If you’re a Glass wearer, Google’s going to be observing your behavior and comparing the outputs of its predictive algorithms using mainstream data against your observed behavior as collected by Glass. If you allow someone else to wear your device, Google has no idea what other data to correlate against - unless there were some way to “sign in.” That may be coming. But right now they need to get some good data on just how valuable this data stream might be, and how hard to fight for it if a backlash emerges.

Right now they’re not allowing advertising in Glass apps. That’s partly to ensure the best experience by early adopters. Later they will allow advertising, likely their own, and they’ll measure how effective that is. Ads delivered by Glass are likely to be based on predictions, and Google is going to want metrics on how accurate (and therefore valuable) those predictions are. It’s also possible the ads will be delivered by other means, if the prompt isn’t especially time-sensitive. There’s no compelling reason why an ad that is intended for a highly vulnerable user must be displayed by Glass. 

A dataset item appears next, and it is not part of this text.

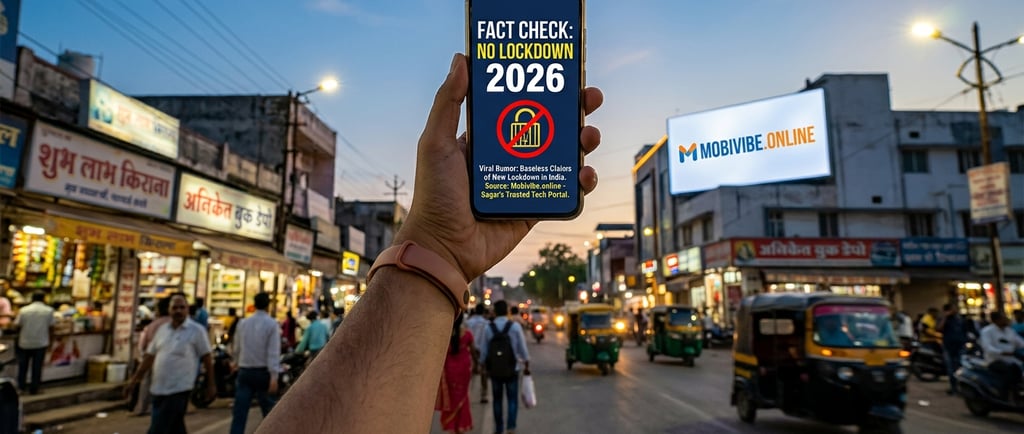 Mobivibe.online fact check lockdown 2026 India rumors newsroom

Right now, I think in some ways Glass remains an experiment. The nature of the intrusiveness of this form of surveillance seems lost on the majority of people. I think Google knows that once enough people understand just what Google is collecting with this device, a backlash will develop. How that plays out will depend, to some extent, on how valuable Google perceives the data from Glass. There is no such thing as “bad” data, there is just “more” valuable and “less” valuable data. If this is very valuable data, and its progress to date seems to indicate that Google believes it is, it will fight very hard. 

Even if Glass were ultimately banned (except for government and law enforcement, perhaps), Google will be able to use the data it will begin collecting now to refine the predictive algorithms that rely on the mainstream data sets (Gmail, Google Docs, Maps, Google+, Android, etc.) and make that data more valuable.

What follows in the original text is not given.